Masih Soal French Kiss dan Jokowi

Keprihatinan Macron, sebuah pengamatan yang komprehensif, mengenai sebab-sebab dan akibat-akibat, serta bagaimana mengatasi yang disebut sektarianisme dan radikalisme.

Kamis, 5 November 2020 | 08:42 WIB
0
200
Masih Soal French Kiss dan Jokowi
Macron dan Jokowi (Foto: wowkeren.com)

Beberapa hari setelah Jusuf Kalla ke Arab Saudi untuk urusan Museum Nabi Muhammad di Jakarta, Rizieq Shihab dengan yakin-golagokin merencanakan kepulangannya ke Indonesia. Mau live streaming pula. Biar nggak kalah dari Ki Seno Nugroho almarhum, sebagai the king of live streaming from Yogyakarta.

Ada hubungannya? Mbuhlah. Nanti saya dikira mau ngegosip dengan Firza Husein. Ini soal membaca teks pidato lengkap Emmanuel Macron. Membandingkan pidato Emmanuel Macron dengan pernyataan Jokowi sebagai reaksi, bak pepatah; Susu sebelanga dibalas setitik nota protes.

Saya mengunduh teks pidato lengkap Macron (25 Oktober 2020 setelah kasus pemenggalan, dan pidato sebelumnya, 2 Oktober 2020 yang banyak disalahpahami, dinilai kontroversial dan diplintir kaum sektarian dan kadrun) itu, setelah diterjemahkan dari bahasa Prancis ke Indonesia (sudah confirmed dari teman saya, dua dosen sastra Prancis UGM dan UNY).

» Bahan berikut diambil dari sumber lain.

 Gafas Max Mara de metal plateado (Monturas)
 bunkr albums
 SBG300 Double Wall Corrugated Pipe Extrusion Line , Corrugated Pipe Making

Di situ saya jadi ngungun pada Jokowi. Kok kayak gitu ya, Jokowi? Itu pernyataan Jokowi bukan sih? Kalau membaca ajakan MUI pada Presiden Prancis, untuk belajar toleransi di Indonesia, saya sih makfum. Namanya juga bukan ubaru. Gajah di pelupuk mata nggak liat, apalagi semut di seberang lautan. Tapi kalau duit, siapa yang matanya nggak ijo royo-royo?

Pidato Macron yang pertama, Laicite et Islam des Lumietres, (Keawaman dan Islam yang Mencerahkan), bagi yang sabar membaca, karena sangking puanjangnya, bisa diharap kesimpulannya sama. Uraiannya verbal. Harafiah. Tidak bersayap. Tidak multi-tafsir. Tapi, teks itu mungkin tak bakalan dibaca tuntas netizen yang mbaca 3 menit saja sudah kejang. Apalagi teks Macron itu, paling cepet kelar dalam 30 menit.

Jika dihitung dalam bahasa Indonesia (dengan kertas A4, 1 spasi dengan huruf standar TNR 12poin), terdiri dari 19 halaman, 8.934 kata, 55.181 karakter, jika ditambah karakter spasi semuanya berjumlah 63.966 karakter. Biyingkin, dibalas dengan pernyataan tak sampai 3 menit.

Konten dan konteks pidato Macron, seolah disertasi 4 mahasiswa S3 dari ilmu politik, agama, sosiologi dan antropologi. Resume dari sebagian sengkarut dunia (dunia yang hendak berbalik arah ke jaman batu), ketika masing-masing secara perlahan, lebih memainkan politik identitas. Kita tunggu, apa hasil pilpres sela di AS. Biden atau Trump yang menang. Kalau Trump menang, itulah penanda politik identitas sebagai kecenderungan dunia. Bukan hanya di Indonesia.

Tanpa harus mengubah struktur kalimat, jika kata Republik atau Prancis diubah menjadi Indonesia, tak lebih-tak kurang teks pidato itu sangat Indonesia sekali. Karena itu, pernyataan Erdogan, Mahathir Mohammad, juga Jokowi, dan beberapa penanggap, dengan sepenuh maaf, menjadi kontrakdiktif. Mestinya, jika mereka ingin menebarkan toleransi, demikianlah juga yang kudu dipikirkan, dinyatakan, dan disikapi. Bukannya protes.

Keprihatinan Macron, sebuah pengamatan yang komprehensif, mengenai sebab-sebab dan akibat-akibat, serta bagaimana mengatasi yang disebut sektarianisme dan radikalisme. Apakah di KSP sudah kesusupan kadrun juga? Ketularan sektarian juga?

Jika kek gitu disebut taktik melingkar, sejak kapan Jokowi main politik tricky kayak gitu? Tapi, ya wislah sakarepmu. Pilpres 2024 saya nggak akan milih Jokowi lagi! Apalagi nggak ada hubungannya dengan French Kiss.